21 Şubat 2009 Cumartesi

* AY IŞIĞI *

Ay ışığı oyunu, ölümün kendisinden de acı olan "ölmek",ölümle göz göze gelmek konusu üzerine kurulmuş, ölüm kavramı hakkındaki duyguları, yitirilenleri sıkıntıyı ve suç duygusunu işlmektedir. Oyun anne, baba ve çocuklar arasında işlenmektedir. Oyunda insanı saran bir parlaklık, bir derinlik ve yoğun bir duyğu vardır.

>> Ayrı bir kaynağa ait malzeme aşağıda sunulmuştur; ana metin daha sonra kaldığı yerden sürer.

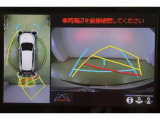 ハンドル操作にあわせてガイドラインが変化するバックガイドモニター搭載。全方位、フロント、左右側面モニターも搭載しているので、周囲の状況を確認しながら駐車出来ます。慣れない場所でも心強いですよ。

Anne ve baba, ikioğulları ve kızı ile bağları koparmış olmanın acısını yaşamaktadırlar. Anne ve baba hayatta son anlarını yaşamaktadırlar. Filmde en çok göze çarpan, ölümle göz göze gelen babanın öfkesi, korkusu ve şakınlığıdır. Baba devlet memuru iken çok saygıdır, ölümle karşılaştığında, başucunda karısının dışında, ne ailesi, ne teselisi, ne de güveni vardır. İşte oyunun yazarı Harold Pinter'a göre günümüz insanın çıkmazı budur. Anne "Ussallık dediğin,çoktan tası tarağı toplayıp gitti" der. Böylece yazarin gözü ile, 1980'lerde "eline ne geçerse, kap kaç, köşeyi dön" davranışından bize miraz kalan Aile yaşamını sergilenir. Oyunda geçmişe özlem, sevginin ve dostluğun aldatılmaya mahkum oluşu, aile yaşamının iki rakip arasındaki kavga ve ana babanın çocuklarını horlaması olarak görülmesidir.